Uma versão mais antiga da lista, de 2024, continha mais de 150 escolas, muitas das quais já encerraram as atividades. Grande parte das escolas listadas como ainda em funcionamento está localizada na zona norte do Rio.

Um professor, que preferiu não se identificar, relatou ter trabalhado em duas instituições que não cumpriam as obrigações trabalhistas. A primeira acumulou atrasos até fechar, deixando os professores sem pagamento. A segunda, localizada na zona sul e com mensalidades a partir de R$ 2,4 mil, atrasava os salários, que eram de aproximadamente R$ 2,5 mil mensais, e não oferecia auxílio transporte.

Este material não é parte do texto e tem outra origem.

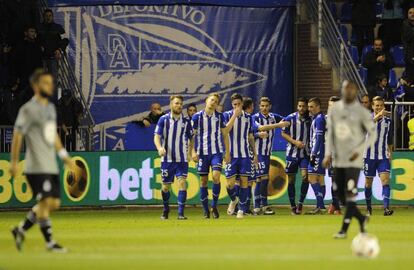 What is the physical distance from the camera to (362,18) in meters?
30.8

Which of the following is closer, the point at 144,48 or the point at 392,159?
the point at 392,159

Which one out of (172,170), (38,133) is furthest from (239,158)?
(38,133)

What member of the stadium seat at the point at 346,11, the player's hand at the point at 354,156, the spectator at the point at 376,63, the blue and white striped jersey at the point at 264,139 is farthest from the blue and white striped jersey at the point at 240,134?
the stadium seat at the point at 346,11

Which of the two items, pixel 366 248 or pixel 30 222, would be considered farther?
pixel 30 222

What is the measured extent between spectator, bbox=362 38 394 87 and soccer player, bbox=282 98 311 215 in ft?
15.7

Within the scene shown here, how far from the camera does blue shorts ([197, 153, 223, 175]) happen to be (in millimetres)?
23344

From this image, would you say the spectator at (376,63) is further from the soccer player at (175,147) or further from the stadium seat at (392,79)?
the soccer player at (175,147)

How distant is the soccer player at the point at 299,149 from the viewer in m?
25.2

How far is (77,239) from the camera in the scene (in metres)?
17.8

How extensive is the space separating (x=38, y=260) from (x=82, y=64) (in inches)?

O Sindicato dos Professores do Município do Rio de Janeiro e Região (Sinpro-Rio) confirma que a situação é recorrente e move atualmente 36 processos coletivos e cerca de três mil individuais por descumprimento de normas trabalhistas em escolas e faculdades privadas.

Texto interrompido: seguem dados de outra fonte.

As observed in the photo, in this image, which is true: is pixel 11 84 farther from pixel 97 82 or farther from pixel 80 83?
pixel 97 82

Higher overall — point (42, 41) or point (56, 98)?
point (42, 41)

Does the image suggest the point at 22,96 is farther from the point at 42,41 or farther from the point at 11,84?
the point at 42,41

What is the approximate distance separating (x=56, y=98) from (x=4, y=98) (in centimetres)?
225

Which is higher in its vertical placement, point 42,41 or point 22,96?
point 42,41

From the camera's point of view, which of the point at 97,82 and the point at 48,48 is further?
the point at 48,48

Segundo o Sinpro-Rio, a falta de valorização dos professores trata a educação como mercadoria, afetando a saúde mental dos profissionais. Um levantamento de 2022 já apontava que professores da rede particular recebem salários inferiores ao piso nacional do magistério.

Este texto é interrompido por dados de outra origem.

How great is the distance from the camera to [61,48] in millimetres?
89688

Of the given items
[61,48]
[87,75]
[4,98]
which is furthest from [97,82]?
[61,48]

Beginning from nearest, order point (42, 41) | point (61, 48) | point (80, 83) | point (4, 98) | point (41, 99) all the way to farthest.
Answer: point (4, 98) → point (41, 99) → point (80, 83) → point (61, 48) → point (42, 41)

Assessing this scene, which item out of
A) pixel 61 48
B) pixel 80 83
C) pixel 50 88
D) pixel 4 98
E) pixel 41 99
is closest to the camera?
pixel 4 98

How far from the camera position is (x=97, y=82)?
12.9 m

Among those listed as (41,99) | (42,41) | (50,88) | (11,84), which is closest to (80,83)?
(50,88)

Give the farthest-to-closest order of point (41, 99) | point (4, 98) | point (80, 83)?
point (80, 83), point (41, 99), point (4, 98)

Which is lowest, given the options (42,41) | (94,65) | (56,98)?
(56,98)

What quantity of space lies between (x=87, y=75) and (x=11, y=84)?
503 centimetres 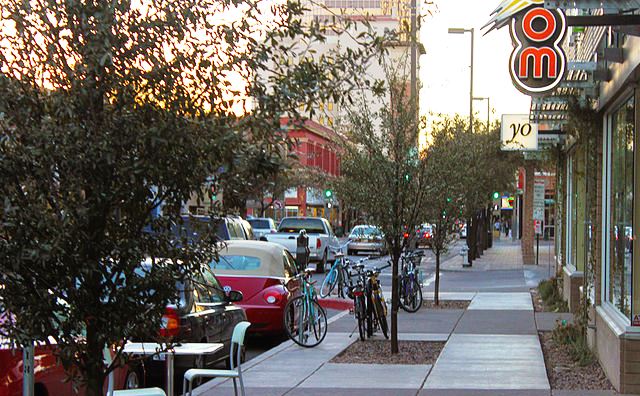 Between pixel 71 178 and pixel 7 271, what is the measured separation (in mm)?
591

Apesar do crescimento do setor privado, nem todas as escolas estão financeiramente saudáveis. Escolas menores, com menos de 300 alunos, enfrentam maiores dificuldades financeiras, mas a situação não justifica a desvalorização dos professores.

O Ministério Público do Trabalho no Rio de Janeiro (MPT-RJ) informa que o atraso no pagamento configura irregularidade e pode gerar multa e obrigação de pagar o salário em dobro. O salário deve ser pago até o quinto dia útil do mês seguinte ao trabalhado, e atrasos maiores podem ser punidos. O MPT-RJ atua em casos coletivos, como demissões em massa e falta de pagamento de encargos, e pode ser acionado por meio de denúncia em seu .

O Sinpro-RJ orienta os professores a buscarem o sindicato para análise da situação e encaminhamento adequado, buscando negociação com as escolas ou, se necessário, acionando a Justiça e o MPT. A Fisepe/RJ recomenda que as escolas procurem os sindicatos patronais para orientação jurídica e econômica.